Setbacks happen all the time, it’s part of life.
“It’s all about perspective, you can either see a setback as something that defeats you, or you can see it as an experience to develop as a person and learn something new.”
I try to see every setback I encounter as a way to develop new tools for problem solving.
7. What advice would you offer to aspiring actors and artists who face challenges or setbacks along their paths?
Try to view challenges and setbacks as opportunities to learn and grow. We all experience setbacks, but it’s how you perceive them and how you overcome them that makes all the difference. If something isn’t working, take a moment to review it from several perspectives, and try a different approach. We all make mistakes and at the end of the day we are all human, so making a mistake is inevitable. The one thing we can control is how we deal with the challenges we face and what we can accomplish from them. Your hard work will pay off the more you learn and the less you fear. Many things will get easier and won’t seem so daunting the next time, that’s when you’re ready to take on new challenges and overcome any new setbacks that may arise.
8. What are some of the valuable lessons you’ve learned throughout your career in the entertainment industry?
Teamwork is crucial; I’m often on film sets with people from different backgrounds and something I learned very quickly was how important it is to be able to adapt instantly to different environments. Everyone has a unique way of working, which may be unfamiliar to what you’re used to, and it’s essential to stay open-minded. One approach you may have used in the past, might not work in another situation and it can be tricky to find someone’s flow, but once it clicks it’s like magic and everything falls into place. Being open-minded when being creative is key.
About the contributor:
Joelle was born in Chelsea, England. She is British-Austrian, having lived the majority of her life in London.
Joelle grew up in an artistic household writing poems, songs and creating videos as a child. Having no hair since the age of 8 due to alopecia universalis, Joelle endured bullying at school and in public, which motivated her to want to change the way people view alopecia. By the time she was 13, Joelle became an internationally recognised alopecia awareness campaigner, after receiving an outpouring of praise from the public for her music performances and video creations.
During her early teens, Joelle won several film festival awards, a pivotal time which led to her honing her skills, vocal training in Atlanta, Georgia with Peggy Still Johnson and further stage training with former director of the London Community Gospel Choir, Daniel Thomas. Following her success as an alopecia awareness campaigner, at 15 she became an ambassador for the UK charity Alopecia UK.
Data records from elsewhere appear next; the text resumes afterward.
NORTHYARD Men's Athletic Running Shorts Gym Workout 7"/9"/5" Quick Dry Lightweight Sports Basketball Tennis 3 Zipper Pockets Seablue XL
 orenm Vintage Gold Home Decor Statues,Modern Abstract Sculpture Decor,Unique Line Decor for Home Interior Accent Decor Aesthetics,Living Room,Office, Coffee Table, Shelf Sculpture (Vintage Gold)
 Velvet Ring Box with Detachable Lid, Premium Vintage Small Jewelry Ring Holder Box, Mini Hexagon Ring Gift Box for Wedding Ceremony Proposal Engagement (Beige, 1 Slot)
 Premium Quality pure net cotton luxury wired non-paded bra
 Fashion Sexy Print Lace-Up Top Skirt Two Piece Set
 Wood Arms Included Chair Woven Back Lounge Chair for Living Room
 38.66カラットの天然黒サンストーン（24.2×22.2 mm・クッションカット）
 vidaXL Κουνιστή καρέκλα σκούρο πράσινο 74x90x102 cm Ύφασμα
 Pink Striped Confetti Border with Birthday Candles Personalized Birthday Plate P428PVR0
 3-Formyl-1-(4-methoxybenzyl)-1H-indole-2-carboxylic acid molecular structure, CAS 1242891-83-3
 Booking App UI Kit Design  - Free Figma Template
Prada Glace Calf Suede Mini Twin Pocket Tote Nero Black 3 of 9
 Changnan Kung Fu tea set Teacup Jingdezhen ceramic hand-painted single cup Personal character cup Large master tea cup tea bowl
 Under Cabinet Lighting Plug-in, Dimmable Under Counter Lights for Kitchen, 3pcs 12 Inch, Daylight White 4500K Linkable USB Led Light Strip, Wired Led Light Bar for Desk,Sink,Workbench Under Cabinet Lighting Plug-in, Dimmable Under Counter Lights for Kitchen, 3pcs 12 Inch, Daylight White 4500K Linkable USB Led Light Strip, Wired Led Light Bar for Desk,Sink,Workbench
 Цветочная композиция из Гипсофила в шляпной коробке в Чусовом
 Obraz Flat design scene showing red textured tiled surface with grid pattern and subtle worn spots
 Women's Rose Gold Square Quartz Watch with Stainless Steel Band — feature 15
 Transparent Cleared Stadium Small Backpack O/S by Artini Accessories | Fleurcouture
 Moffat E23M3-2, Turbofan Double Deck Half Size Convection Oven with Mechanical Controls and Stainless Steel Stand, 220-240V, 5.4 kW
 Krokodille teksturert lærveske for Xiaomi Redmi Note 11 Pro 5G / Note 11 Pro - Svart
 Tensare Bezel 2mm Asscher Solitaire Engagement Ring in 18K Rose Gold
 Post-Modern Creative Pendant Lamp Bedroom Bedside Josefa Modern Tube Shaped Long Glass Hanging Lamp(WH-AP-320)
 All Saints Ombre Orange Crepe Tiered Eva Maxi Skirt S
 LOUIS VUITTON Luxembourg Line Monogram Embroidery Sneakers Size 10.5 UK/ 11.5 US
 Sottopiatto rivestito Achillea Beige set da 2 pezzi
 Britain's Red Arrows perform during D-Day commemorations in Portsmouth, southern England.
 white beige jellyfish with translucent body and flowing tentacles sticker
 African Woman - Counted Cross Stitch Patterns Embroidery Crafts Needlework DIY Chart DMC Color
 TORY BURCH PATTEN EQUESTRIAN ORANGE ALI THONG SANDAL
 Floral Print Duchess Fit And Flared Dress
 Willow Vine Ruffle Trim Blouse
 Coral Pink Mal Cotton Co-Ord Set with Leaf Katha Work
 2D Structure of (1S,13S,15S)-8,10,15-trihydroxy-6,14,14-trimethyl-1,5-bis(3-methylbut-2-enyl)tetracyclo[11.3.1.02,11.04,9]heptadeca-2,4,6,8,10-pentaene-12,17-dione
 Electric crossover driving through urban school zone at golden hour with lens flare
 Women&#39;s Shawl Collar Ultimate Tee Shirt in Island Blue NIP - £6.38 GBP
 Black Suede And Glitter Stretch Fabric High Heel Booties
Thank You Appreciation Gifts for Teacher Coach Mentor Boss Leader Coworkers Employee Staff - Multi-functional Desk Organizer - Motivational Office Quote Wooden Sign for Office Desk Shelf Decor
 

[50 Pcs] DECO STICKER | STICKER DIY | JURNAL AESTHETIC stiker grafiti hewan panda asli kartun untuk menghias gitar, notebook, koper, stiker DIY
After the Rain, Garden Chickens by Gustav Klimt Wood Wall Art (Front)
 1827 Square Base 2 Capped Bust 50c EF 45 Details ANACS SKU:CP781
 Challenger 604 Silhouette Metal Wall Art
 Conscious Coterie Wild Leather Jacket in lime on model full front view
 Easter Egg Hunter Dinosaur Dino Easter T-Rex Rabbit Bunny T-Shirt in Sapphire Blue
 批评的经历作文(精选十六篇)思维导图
Joelle went on to study TV and film in higher education and later directed and performed in her first short film Cover Up (2019), featuring original sound recordings composed by multi-Grammy winning Oscar-nominated songwriter Diane Warren. Joelle made her feature film debut in Denis Villeneuve’s Dune (2021), plays the character ‘Joelle’ in Paul Feig’s Netflix film The School for Good and Evil (2022), ‘Joiya Byir’ in Amazon Studio’s second season of The Wheel of Time (2023), and the role of ‘Vipsania’ as a series regular in season two of MGM+ and Sky’s historical TV drama Domina (2023).
Joelle’s performance style has been described as unforgettably genuine and unique.
Joelle is represented by United Agents.